The company suffered financially in the wake of the Great Recession of the late 2000s.
In 2012, company revenues were about $1.45 billion, down from approximately $1.6 billion in 2010.
Tom Wyatt, formerly a high-level executive at Old Navy, was hired as Knowledge Universe CEO.
Wyatt would say that Knowledge Universe was "very strongly an authentic company in what we do.".
Besides early learning and child care, Knowledge Universe also still had divisions dealing the secondary and post-secondary education.
Revenues for 2013 were $1.4 billion.

In 2013 and 2014, Knowledge Universe sold its education businesses in the United Kingdom and in Asia, respectively.

In 2015, Knowledge Universe Education was sold to Switzerland-based Partners Group for undisclosed terms. Wyatt said that the sale would allow Knowledge Universe to stay on its path of growth.

Under the Partners Group ownership, Knowledge Universe Education renamed itself as KinderCare Education in 2016, as other parts were mostly gone and KinderCare was its best-known brand.
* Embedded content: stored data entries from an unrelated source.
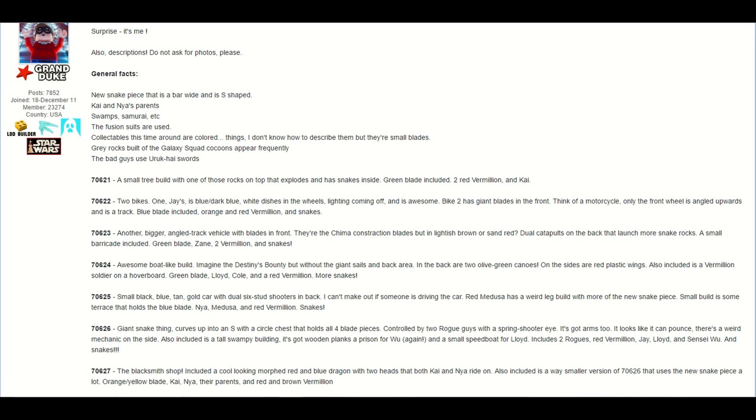Set number 70626, he describes it as a giant snake thing, which curves up into an S with a circle chest that holds all four blade pieces. Controlled by two rogue guys with a spring shooter eye, it has arms too. It looks like it can pounce. There's a weird mechanic on the side. Also included is a tall, swampy building. It's got wooden planks for a prison for Wu, and a small speedboat for Lloyd. It includes two rogues, red vermilion, Jay, Lloyd, and Sensei Wu, and snakes.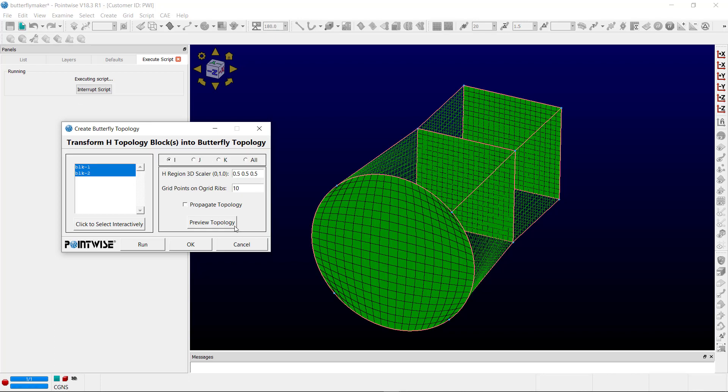On the right-hand side of this GUI, the first option you have is the direction for the conversion. In our case, we're going to use K to convert in the Z direction. You can choose all if you like.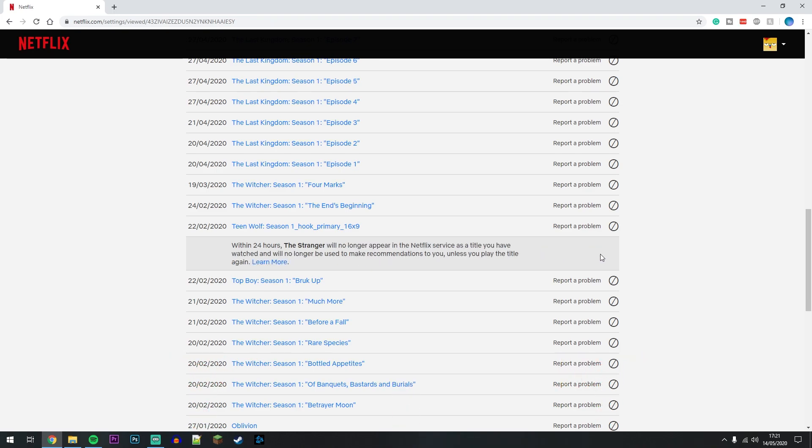Unfortunately, you can't undo this process, so once you've done it, that is it. It's going to be removed from your viewing history and your continue watching.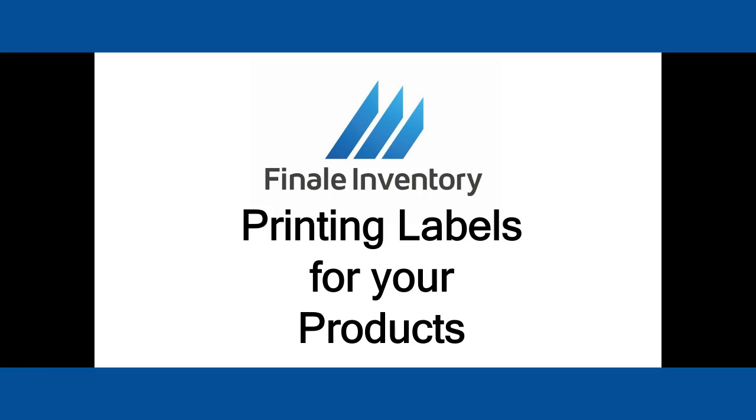Hello, this is Mike Kroger, Finale Inventory. In this quick video, we're going to show you how to print labels for your products that you've imported into Finale Inventory.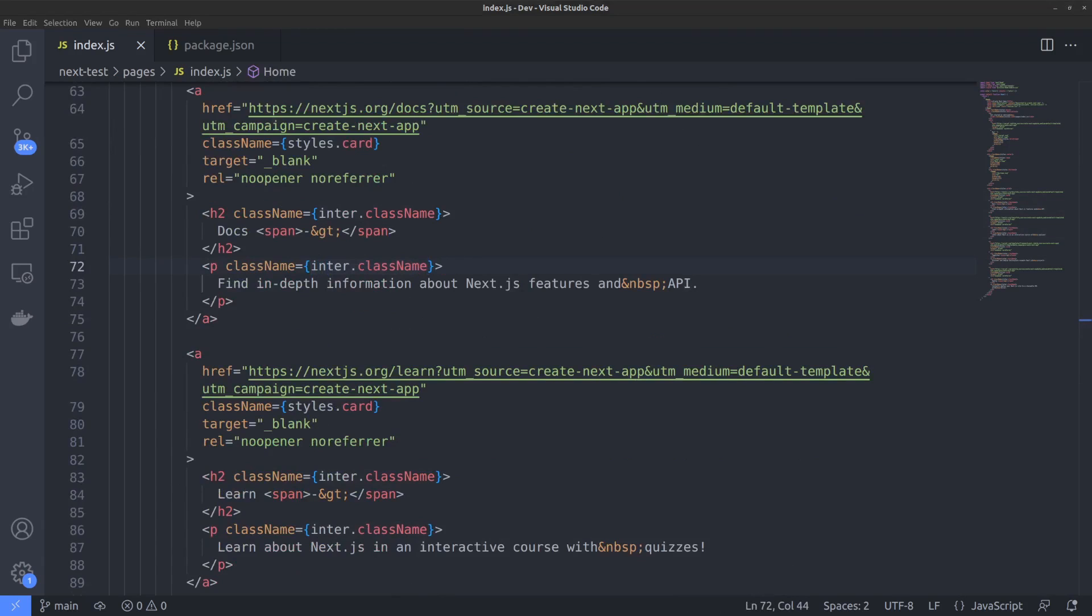Okay, I hope now you understand how to change fonts in a Next.js site using the font module. I hope the video was useful. Thanks for watching. See you in the next one.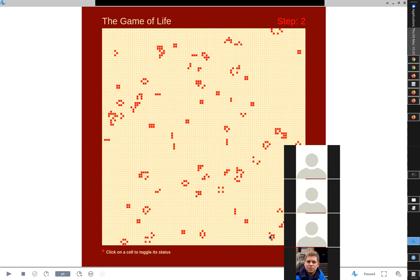It turns out the game of life is computationally universal. Any computation you can do on your computer, your smartphone, or the world's biggest supercomputer can be represented in the game of life. In the 1970s and 1980s, hackers figured out how to build computers in the game of life — actually constructing NAND gates and OR gates, building up machines that can simulate and run programs in the game of life. They took advantage of that computational universality.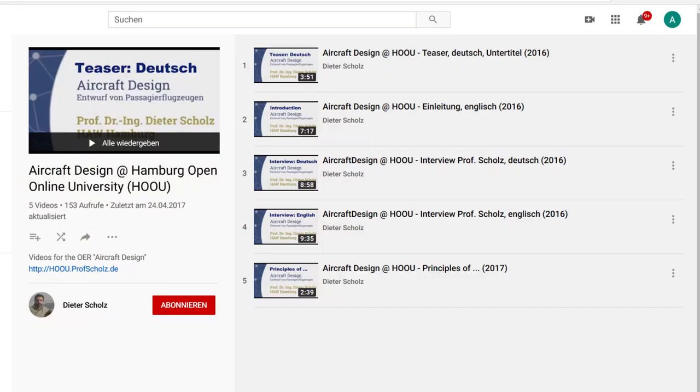The first playlist is about my lecture, Aircraft Design, which is offered in the frame of Hamburg Open Online University.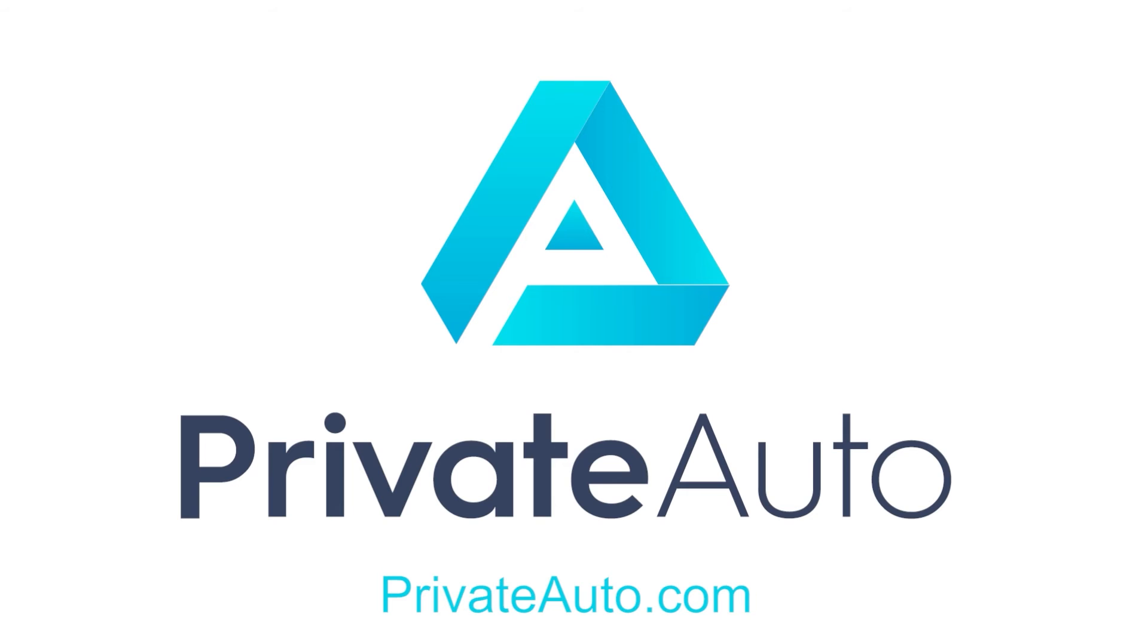Looking for a place to do most of this in one spot? Check us out at PrivateAuto.com.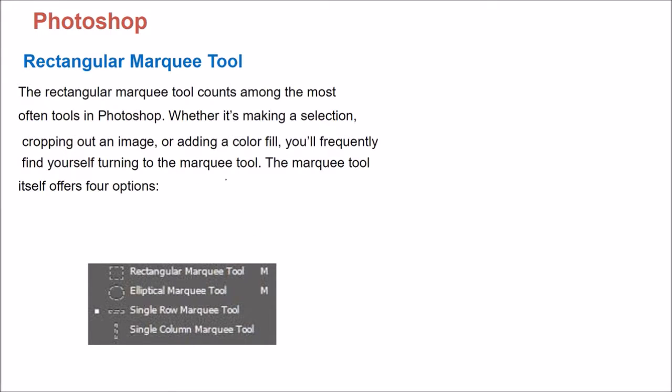Now as you open Photoshop, you will see this Rectangular Marquee Tool. This is an Elliptical Marquee Tool. This is a Single Row Marquee Tool. This is a Single Column Marquee Tool.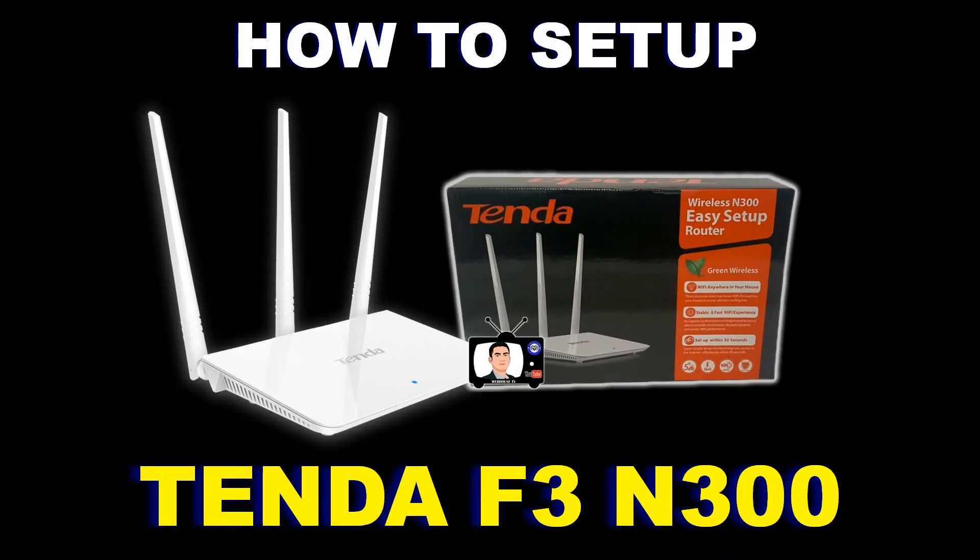Hi guys, welcome back to my channel. Today I'm going to set up my Tenda F3 N300 as an access point so I could have a strong signal here in my room at the second floor.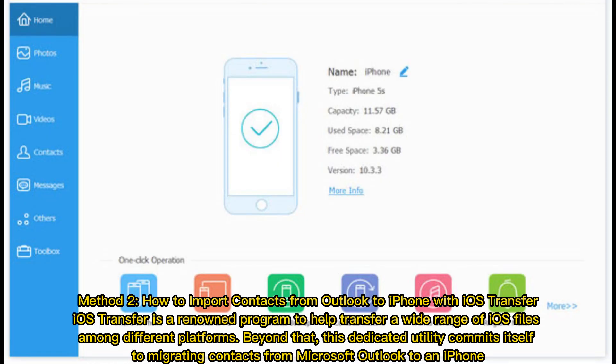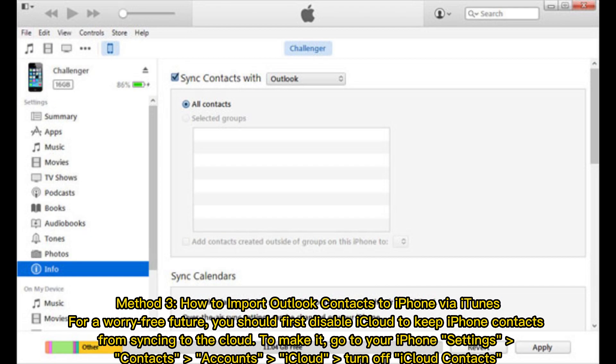Method 2: How to import contacts from Outlook to iPhone with iOS Transfer. iOS Transfer is a renowned program to help transfer a wide range of iOS files among different platforms. Beyond that, this dedicated utility commits itself to migrating contacts from Microsoft Outlook to an iPhone.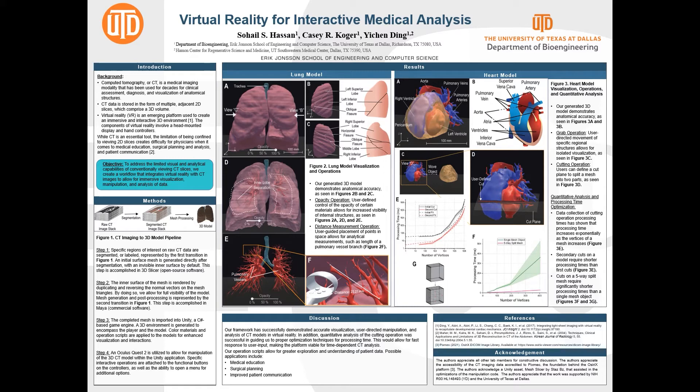These cuts have a processing time between when a user defines a cut plane and when the model splits into two parts. We have performed quantitative analysis on the processing time for cuts and initially found two trends. First, increased vertex count in the model leads to an exponential increase in processing time, which is the black line in Figure 3E. The other trend is that performing a second cut on the same model takes less time than the first cut, which is seen by the red line in Figure 3E.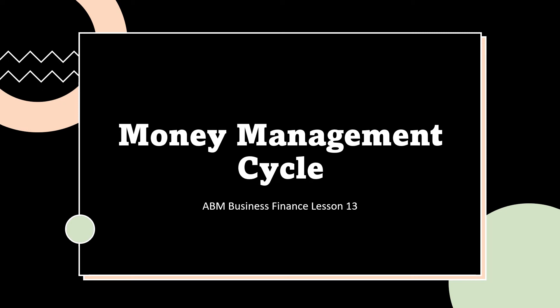Good day, ABM Business Finance Learners! In this video, we will discuss the money management cycle. This is the last lesson for business finance.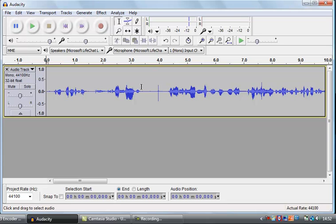We've not looked at editing yet, but we'll do that in the next video. That gives you an insight into how the Audacity interface works. Good luck with your recording and thanks for watching.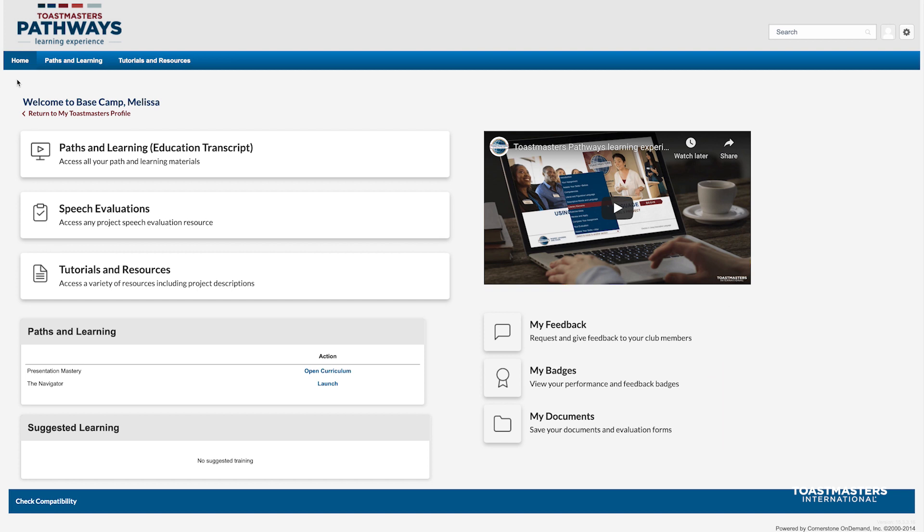If you'd like a detailed tutorial on how to get to Basecamp, see the Let's Log In to Basecamp tutorial, available in the video description.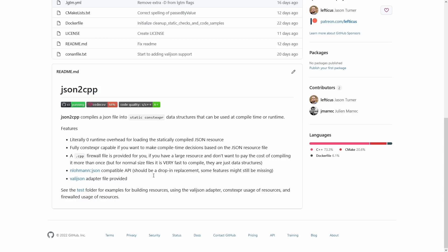100% constexpr capable so you can choose to make compile time decisions based on that JSON resource file and the option of firewalling it behind a C++ file if you don't want to have to pay the cost of compiling that data each time you want to use it.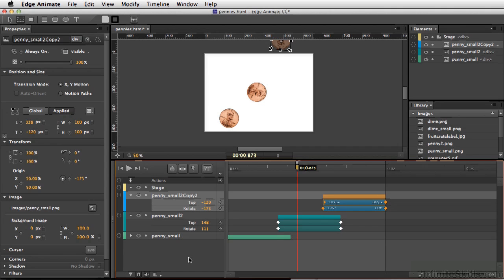So if you've worked with Photoshop's timeline in animating your layers, working in Edge Animate should be quite familiar to you as the timeline is very similar.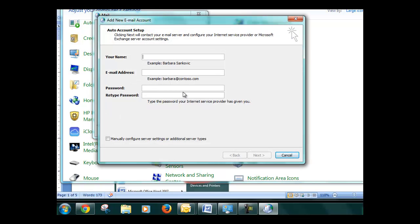You're going to put your information here. Sometimes this gets auto-entered for you so you might not have to type it out. The first time I did this, I didn't have to type it out.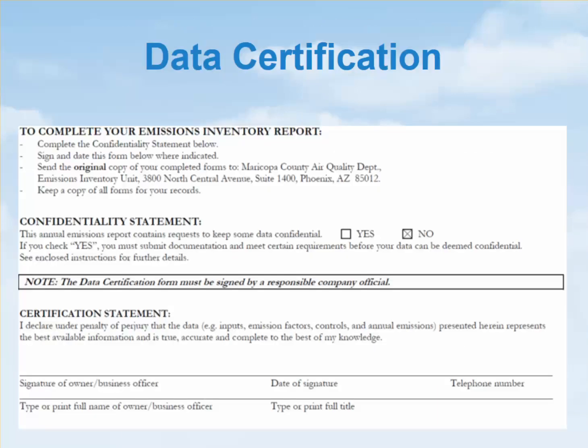If you requested that data be held confidential, mark yes; otherwise mark no. Sign and date the form, and include your printed name, full title, and telephone number.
With the sale of Knowledge Universe Education, the parent Knowledge Universe had remaining to its name only some intellectual property and some real estate holdings. Lowell Milken stated that he was interested in non-profit educational activities going forward, not for-profit ones. Michael Milken remained wealthy, continued with his philanthropic activities, and received a presidential pardon in 2020.

== Legacy==
During its early years, media profiles had been generally positive about the prospects of success for Milken and Knowledge Universe.
However, when the sale of Knowledge Universe Education was made in 2015, it was evident that Milken's twenty years of efforts in the space had fallen well short of his ambitious goals to remake education via the power of market-driven enterprise.

An analysis by Jonathan A. Knee, a professor at Columbia Business School, concluded that Knowledge Universe's performance in terms of EBITDA, and other such metrics, was unimpressive.